__What is needed__:
A single figure is wanted: the count of lines below containing the string "Leather".

__Data records__:
______
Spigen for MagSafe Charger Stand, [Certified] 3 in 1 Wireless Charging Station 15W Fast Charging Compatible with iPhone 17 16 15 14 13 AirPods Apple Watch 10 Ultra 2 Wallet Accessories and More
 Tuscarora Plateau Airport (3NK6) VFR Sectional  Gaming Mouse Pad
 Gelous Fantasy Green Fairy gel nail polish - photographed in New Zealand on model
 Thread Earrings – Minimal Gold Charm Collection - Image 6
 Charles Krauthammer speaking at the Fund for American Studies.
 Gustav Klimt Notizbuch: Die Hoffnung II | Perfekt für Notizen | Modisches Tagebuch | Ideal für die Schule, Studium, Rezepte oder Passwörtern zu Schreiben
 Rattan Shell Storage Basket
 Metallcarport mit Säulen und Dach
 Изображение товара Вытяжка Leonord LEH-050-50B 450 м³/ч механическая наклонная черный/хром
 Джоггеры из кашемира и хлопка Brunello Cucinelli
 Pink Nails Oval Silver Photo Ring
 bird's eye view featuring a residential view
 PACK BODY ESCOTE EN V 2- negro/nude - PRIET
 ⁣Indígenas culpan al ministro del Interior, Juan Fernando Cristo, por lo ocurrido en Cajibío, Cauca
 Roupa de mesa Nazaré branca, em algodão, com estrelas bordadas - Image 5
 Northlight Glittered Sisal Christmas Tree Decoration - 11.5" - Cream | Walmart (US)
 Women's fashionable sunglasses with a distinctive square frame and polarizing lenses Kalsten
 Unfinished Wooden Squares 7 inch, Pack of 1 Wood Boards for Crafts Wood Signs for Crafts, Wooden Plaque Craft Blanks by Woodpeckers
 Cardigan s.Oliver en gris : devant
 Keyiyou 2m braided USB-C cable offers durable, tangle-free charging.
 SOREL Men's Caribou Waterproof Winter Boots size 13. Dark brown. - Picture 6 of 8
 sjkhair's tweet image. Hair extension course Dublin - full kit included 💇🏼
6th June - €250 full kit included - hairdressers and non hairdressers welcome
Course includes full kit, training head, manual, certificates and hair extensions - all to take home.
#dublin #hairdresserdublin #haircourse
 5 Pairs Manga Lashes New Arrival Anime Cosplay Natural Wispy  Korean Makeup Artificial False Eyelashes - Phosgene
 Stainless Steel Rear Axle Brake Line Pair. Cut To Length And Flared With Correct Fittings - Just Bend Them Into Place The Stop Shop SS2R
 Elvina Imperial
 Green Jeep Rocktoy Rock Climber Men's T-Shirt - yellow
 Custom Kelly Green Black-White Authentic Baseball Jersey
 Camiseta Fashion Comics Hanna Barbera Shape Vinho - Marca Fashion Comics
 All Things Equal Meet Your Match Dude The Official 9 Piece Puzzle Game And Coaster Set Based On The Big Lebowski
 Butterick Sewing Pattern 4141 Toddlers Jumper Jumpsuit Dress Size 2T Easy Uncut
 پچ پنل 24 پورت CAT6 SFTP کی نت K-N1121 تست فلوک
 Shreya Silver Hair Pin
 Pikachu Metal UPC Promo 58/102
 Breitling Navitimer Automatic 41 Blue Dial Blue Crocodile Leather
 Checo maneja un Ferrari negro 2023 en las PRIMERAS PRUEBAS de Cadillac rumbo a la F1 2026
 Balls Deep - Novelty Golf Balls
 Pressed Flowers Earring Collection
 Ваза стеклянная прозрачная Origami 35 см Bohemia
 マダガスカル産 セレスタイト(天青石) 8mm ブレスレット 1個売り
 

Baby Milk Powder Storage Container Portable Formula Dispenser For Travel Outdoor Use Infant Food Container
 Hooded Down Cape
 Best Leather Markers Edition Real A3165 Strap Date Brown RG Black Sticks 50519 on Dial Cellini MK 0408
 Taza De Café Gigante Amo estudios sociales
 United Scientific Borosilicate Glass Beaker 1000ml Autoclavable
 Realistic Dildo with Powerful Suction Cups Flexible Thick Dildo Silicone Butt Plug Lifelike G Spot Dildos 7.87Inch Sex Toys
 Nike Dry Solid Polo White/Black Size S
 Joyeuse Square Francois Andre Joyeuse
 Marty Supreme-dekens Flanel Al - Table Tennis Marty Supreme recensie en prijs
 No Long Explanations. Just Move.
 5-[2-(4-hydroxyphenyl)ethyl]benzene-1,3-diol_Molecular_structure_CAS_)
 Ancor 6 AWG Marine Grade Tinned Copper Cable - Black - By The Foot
______
__Answer for this exercise__:
2